October 26, 1886.
11:57 PM.
It had been, pretty much, a normal day for Joe. Walking over the London Tower Bridge, he hefted his pack a little higher. He was halfway over the bridge when he heard a strange noise. This being the middle of the night in a big city, it wasn't completely out of the ordinary. Except, it was coming from the Thames, when the moonlight clearly showed an absence of boats. Joe walked up to the edge of the bridge, looking out over the river.
"Hello?"
Again, the strange noise, but clearer this time. It sounded like a small fountain, like the kind Joe had heard of in Italy.
"Is anyone there?"
Fear started to consume Joe as the sound repeated itself, clearer than ever.
The last thing Joe saw of the thing was the sunken appearance, rising from the Thames, before turning and running, screaming.
-= The Faraday Ghostbusters =-
Richard asked the man the same question one last time.
"What was it that you saw?"
The man shook, cold sweat soaking further into his clothes.
"It... was... I dunno... Monster..."
Saying nothing else, the man quieted down from sobbing and shaking to just trembling. Simon led the man out of the room, trying to get him into some form of sensibility. Richard looked to Simon, who looked ecstatic.
"This is it! We can use your gear to try and take down this entity!"
Richard sighed, putting a hand to his forehead as he did so. "For what's probably not going to be the last time, Simon, I made that pack as a favour for Tesla. It's incredibly dangerous and not for use by anyone other than me or Tesla himself."
"Why's it so bad again?"
"Having the Mark I on your back without some form of insulation or grounding is comparable to being struck by lightning while standing on a pair of knives while being crucified. Would you like to try it?"
Simon then edged away from the pack and towards the wall of his and Richard's small workshop, running a hand through his ginger hair.
"That's what I thought."
"But this could be a whole new branch of science we're pioneering here! Just think of the possibility!"
Richard growled, rubbing his eyes with one hand. "Just… no. Ghosts don't exist.

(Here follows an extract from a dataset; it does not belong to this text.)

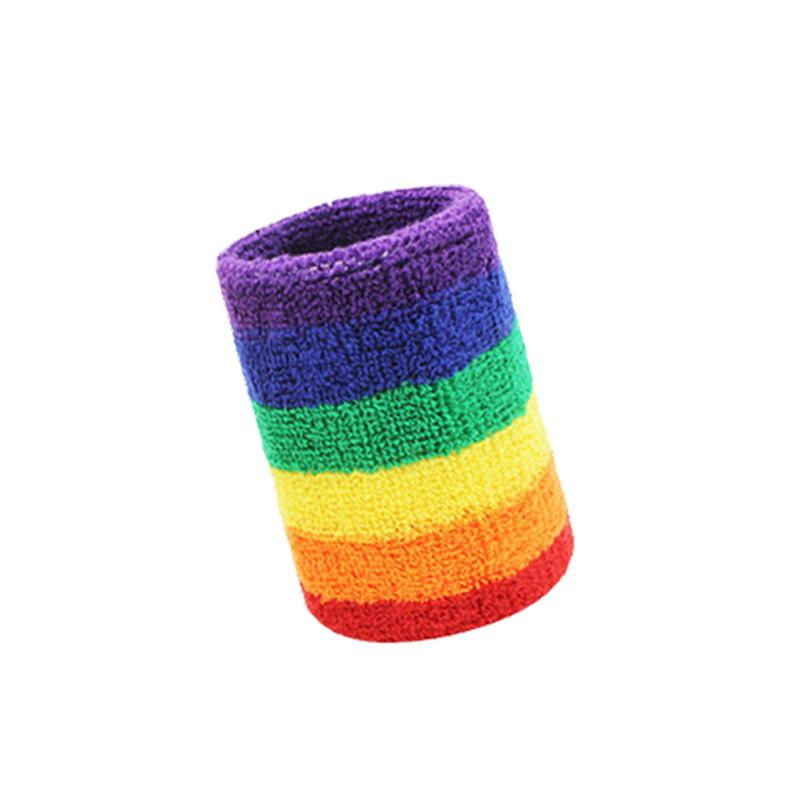 Rainbow Pride Month Basketball Bracelet Hair Strap Sports Fitness Men's and Women's Cotton Towel Bottom Sweat Absorbing Headband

Face it."
-{TIME PASSES}-
Because of this, Richard still wondered what had made him decide to humour his friend and colleague in engineering, psychology, and a penchant for somewhat weird pastimes after they went to the tavern and… oh… right.
However, being stuck on the Tower Bridge at the middle of the night with a bachelor's degree in engineering, he couldn't really complain as he knew he didn't have a time machine or anything like that.
He massaged the bridge of his nose, starting to become sober once more, and hefted the pack higher up on his back. The diving suit he was wearing smelled like a wet dog corpse left in the gutters, but he also couldn't complain about that since he'd be deader than dead if he used the Mark I without a Faraday cage like this.
"The guy said it was about here," Simon said, becoming almost ecstatic as he waved around the Faraday Ambient Energy Detector, while the needle spun madly around the dial until it was at a fairly high setting.
"Remind me why I need this ratty old diving suit instead of a proper Faraday cage," Richard said, uninterested in spectres, spooks, or who said what.
"As drunk you said, 'thish shuit hazh lotsh a' metal... it'll make a damn good Faraday cagzh.' Besides, proper Faraday cages are heavy and impractical."
"THIS IS HEAVY AND IMPRACTICAL!"
"Well, then, let's make a proper Faraday cage suit when we get back, okay? Okay."
Simon's face lit up as the needle on the metre started inching up and they felt as if they were being watched.
"It's coming!"
Richard grunted, hefted the pack, and flicked a switch on the nozzle of the Faraday Elimination Apparatus, Mark I, removing the nozzle from the nape clip as he did so. A few cracks and snaps ripped as the high-voltage generator on Simon's back came to life, using its own energy and a flywheel controlled from the nozzle to start charging voltage in the Lancaster-Faraday Energy Beam Coil at the tip of the nozzle. He smirked as he heard the whizzing that meant his baby had come to life. He may not be so interested in the supernatural part of the experiments he and Mr. Simon Lancaster had conducted during their tenure at Oxford's London campus, but the engineering was something different altogether.
Simon's face fell flat when he saw the ghost appear from the surface of the Thames.
"Is it really only that big? I thought something that scared the living daylights out of Mr. Average Joe would have been bigger. Anyway, BLAST IT!"
"I'd be happy - to oblige!" Richard bit out as he let the energy in the Beam Coil vent towards the spectre, which had now reached a good head or so above Simon.
The raw electricity crackled through the air, making both scientists' hair stand on end, beelining (or would it be lightning-bolting?) towards the ghost.
The charged particles impacted the ghost, causing it to sway and shriek as it floated. The beam cut out, though, as Richard frantically pumped the flywheel lever.
"Screw the flywheel! RUN!" Richard said, speaking both scientists' minds as the ghost started to crackle with residual static charge.
The Tower Bridge left two scientists running, screaming, as one shot a stream of electricity at a ghost that was angry, and getting more so by the second.